The Court may exercise its suo motu power or any
person interested in the affairs of the Company other
than those mentioned in Section 391 of the Act is also
empowered to move the High Court/Tribunal for
necessary directions/ modification.
(g) In KASHINATH DIKSHIT (supra) the learned
Single Judge of this Court has rejected the scheme
propounded at the instance of a person, who was
neither a shareholder nor a creditor or a member of
the Company in liquidation and therefore, he would
not have any interest in the affairs of the Company.
Paragraphs 14, 15, 16, 18 and 20 of the said
judgment are extracted hereunder :-
14. A plain reading of the Section clearly indicates that the legislature intended that if any compromise or arrangement is proposed, the company, or any creditor or any member of
- 53 -
the company will be entitled to make the necessary application/petition and in case where the company is being wound up, as the Board of Directors has ceased to function and the company is represented by the liquidator, the liquidator wilt also be entitled to make the necessary application/petition. The right, which is conferred on the contributories or the creditors. Is not intended to be taken away when the company has gone into liquidation and in such a case, an additional right is also conferred on the liquidator.
15. The provisions contained in the Companies (court) Rules, 1959, in Rules 67 and 68, the forms prescribed under the said rules also clearly go to indicate that even in the case of company in liquidation, the contributories and the creditors of the company are entitled to make an application under Section 391 of the Act.

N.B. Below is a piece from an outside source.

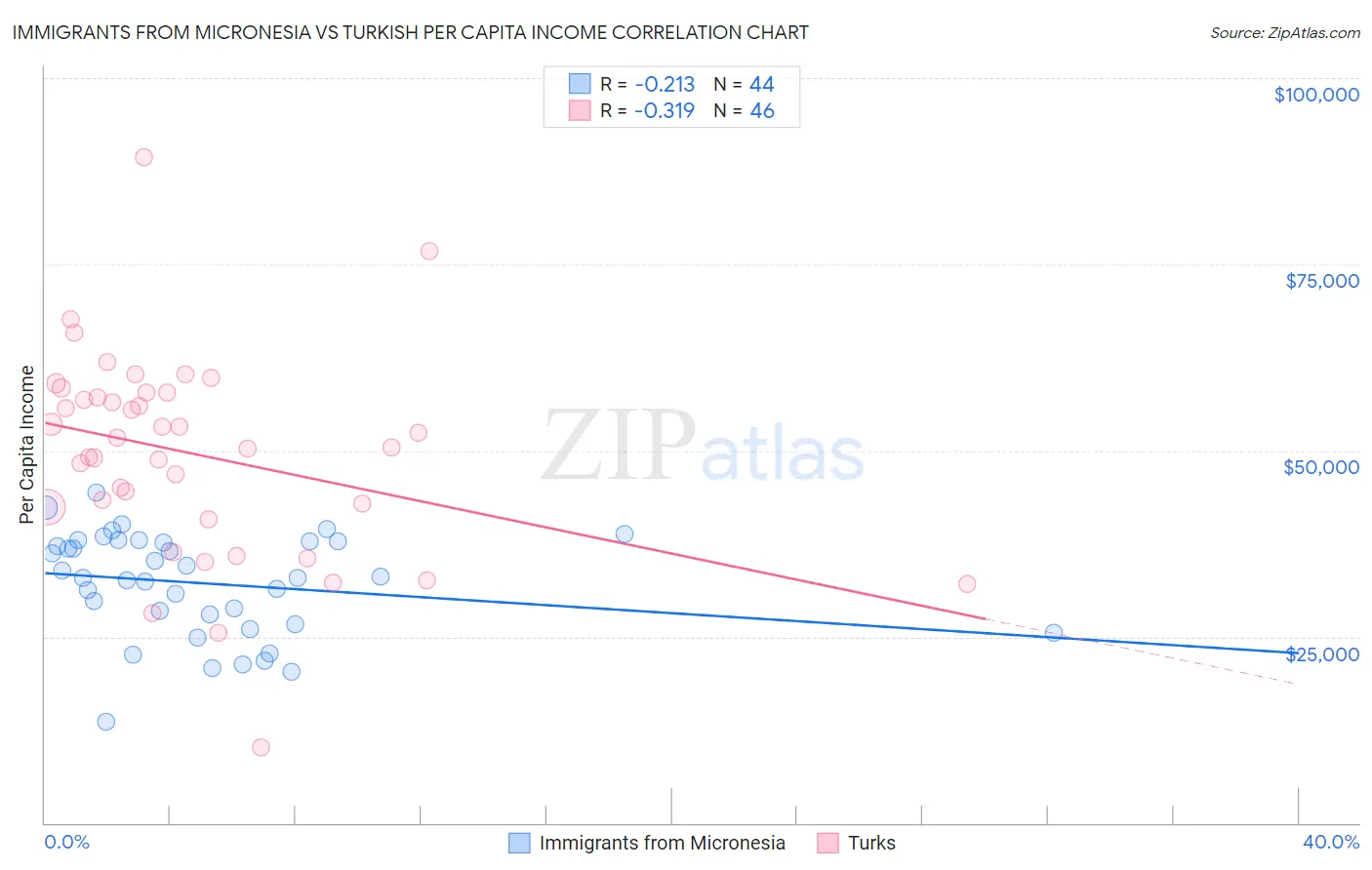 Immigrants from Micronesia vs Turkish Per Capita Income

16. The Section is intended to confer rights both on the company and on the creditors and the members of the company when it is a going concern. The object is to avoid the winding up of the company and even after a winding up order is made, an application/Petition can be filed to recall the winding up order and to sanction the scheme of arrangement and allow the company to resume its normal business,
- 54 -
since it is the creditors and members of the company, who are interested in the life of the company and they are the best judges of their interest. Therefore, to maintain an application/petition under Section 391 read with Section 395 of the Act, the petition must be by a company or by any creditor or a member of the company and where the company is in liquidation, apart from the above person, the liquidator is an additional person to whom the right to frame such a scheme and move the Court for sanction under Section 391 of the Act is provided.

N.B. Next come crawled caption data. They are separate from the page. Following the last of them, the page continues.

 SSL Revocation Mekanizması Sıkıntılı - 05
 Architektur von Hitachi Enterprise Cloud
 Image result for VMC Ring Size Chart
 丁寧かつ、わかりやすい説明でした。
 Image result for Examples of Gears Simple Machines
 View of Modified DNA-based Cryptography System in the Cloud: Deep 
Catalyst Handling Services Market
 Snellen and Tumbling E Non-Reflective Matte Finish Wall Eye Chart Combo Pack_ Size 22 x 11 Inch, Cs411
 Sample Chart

17................xxxxxxxxxxx............xxxxxxxxxxxx.....
18. One of the shareholders of the company in liquidation is the first petitioner in this company petition. He has identified the second petitioner to revive the company in liquidation. This clearly shows that he is not the propounder of the scheme of arrangement for revival of the company. The second petitioner is neither a member nor a creditor of the company. He is willing to settle the claims of the creditors of the company with a view to revive the company in liquidation, provided the entire share capital of the company is transferred in his favour and his nominees. In order to attract Section 391 of the Act, it is necessary that a compromise or arrangement between a
- 55 -
company and its creditors or any class of them, or between the company or its members or class of them should propose a compromise or arrangement. When such a scheme is proposed, and the sanction is requested, the court will have to be satisfied as to the prima facie, that the scheme of arrangement is genuine, bonafide and would be in the interest of the company and its creditors and the application is filed by a person, who is authorised under the provisions of Section 391 of the Act. The Apex Court in the case of S.K Gupta v. K.P Jain . 1979 49 Company Cases 342, while considering the scope of Section 391(1) of the Act and who can move the application under that Section was pleased to observe:
"Section 391 enables a member or a creditor of the company or a company which is being wound up, its liquidator, to make an application to the Court proposing a compromise or arrangement between the company and its creditors or any class of them or between the company and its members of any class of them and seeking directors of the Court to convene a meeting of each class of creditors and/or each class of members to whom the compromise or arrangement is offered. On the Courts giving the directions, the meeting would be convened
- 56 -
in which the proposed scheme of compromise and/or arrangement would be submitted for consideration and each class will have to vote upon it and if the scheme is accepted by a majority in number representing three-fourths in value of the creditors or members or class of members, as the case may be, present and voting either in person or where proxy is allowed by proxy, such approved scheme has to be placed before the Court for sanction of the Court as envisaged in Section 391(2)."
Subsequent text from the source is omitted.